The force of their argument is that some form of life we value is passing away.

For example, they say we used to be a country that protected life, but now we're a country with tons of abortions. Or we used to be a country that respected biblical teachings about marriage, but now we have gay marriage.

Those arguments don't work unless your side is already losing. If your baseball team won the World Series for five straight years, it wouldn't make sense to say "We have to do better this year."

And so the culture war narrative requires a story of decline and the hope of future redemption.

If the culture war is unwinnable, then what's the point of the battles?

There are two goals.

The first is to create a community with a strong identity. You're fighting for what's right and against what is evil. You're trying to improve the nation and working on the side of God and the Good.

There's also a political mobilization piece. Culture war participants say, "The country is going to hell. We need to get out and vote to fix it."

Does the study of past culture wars help us understand our current political moment?

It's easy for people, including myself, to be very disillusioned about where we are right now.

We're so amazingly polarized. We're in our own thought bubbles, and more and more people are seeing folks in the opposing political party as un-American or evil.

It's a really difficult moment. It's easy to despair and want to move to Nova Scotia.

But I think my research on these episodes did leave me with some hope.

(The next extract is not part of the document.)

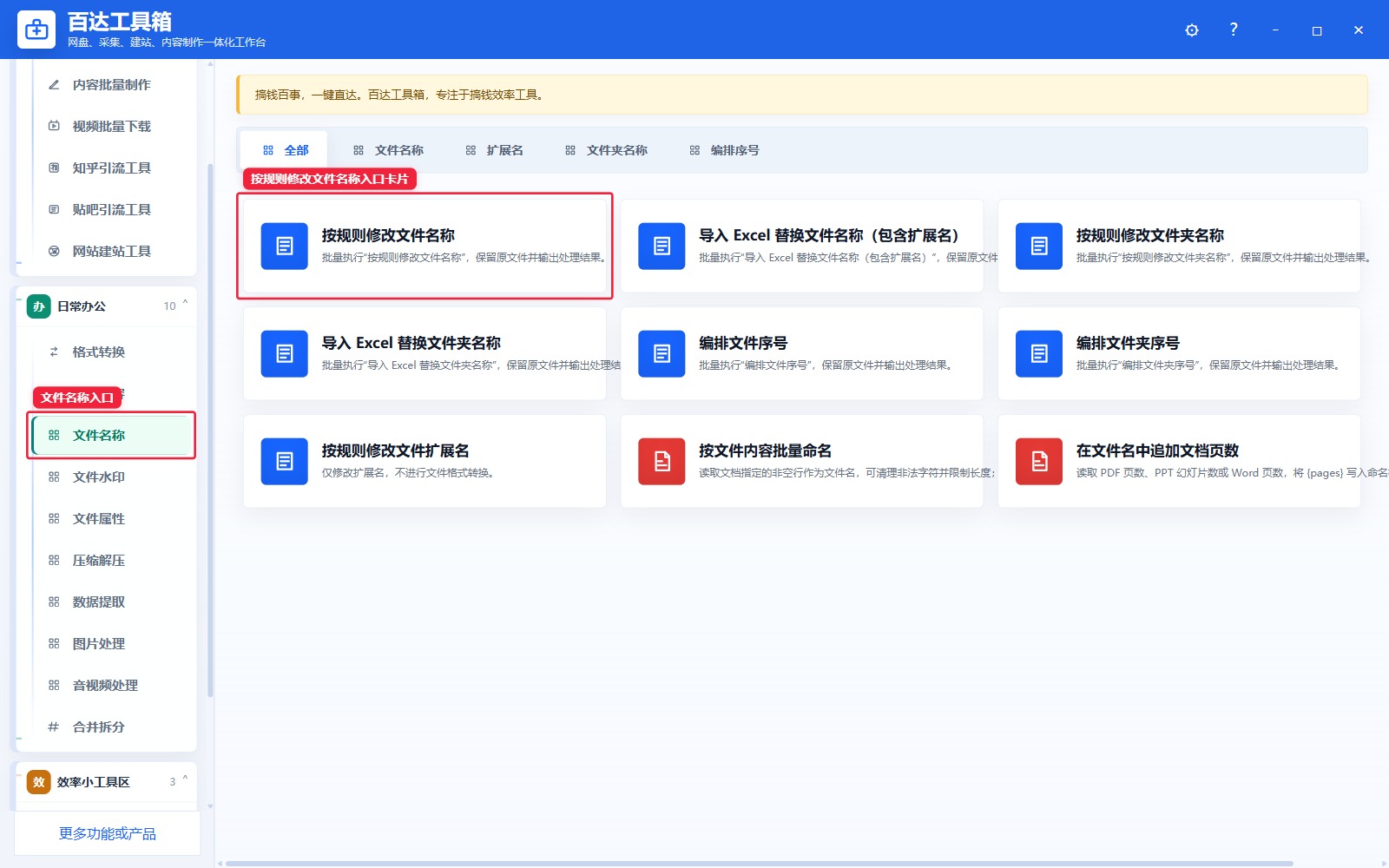 按规则修改文件名称入口卡片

Culture wars do end. We're no longer fighting about whether Mormons can be Americans or whether a Mormon can be president. That's over, just like the Catholic culture wars are over. The same-sex marriage culture war will probably be over in a couple years.

That's not to say there won't be people who still hate Mormons or people who still oppose gay marriage. But they won't be an issue of national debate anymore, and that's hopeful.

After they're settled, culture wars create a kind of consensus. It's a mechanism through which we settle some of our disputes. Conflict yields to consensus.

Of course, sometimes it takes over a century for that to happen, and that may be cold comfort on some of these issues.

But I find it encouraging and gratifying that, in general, culture wars lead to more consensus about a more inclusive country. They helped us see that we're not a country where you have to be a Protestant in order to be a congressperson or president or good neighbor.

We've come to include a more and more diverse group of religious folks in the family of America through these battles.

Is there any way to speed up the path to consensus?

I don't think so. I think that democracy is messy.

One bad way to deal with these problems is by killing each other. A better way is by arguing. We have to argue and figure it out.

Right now, we're in the aftermath of the same-sex marriage debate and we're not trying to decide if two men can marry each other, but, instead, we're trying to decide this question of what kind of religious exemptions to allow. That just has to play out.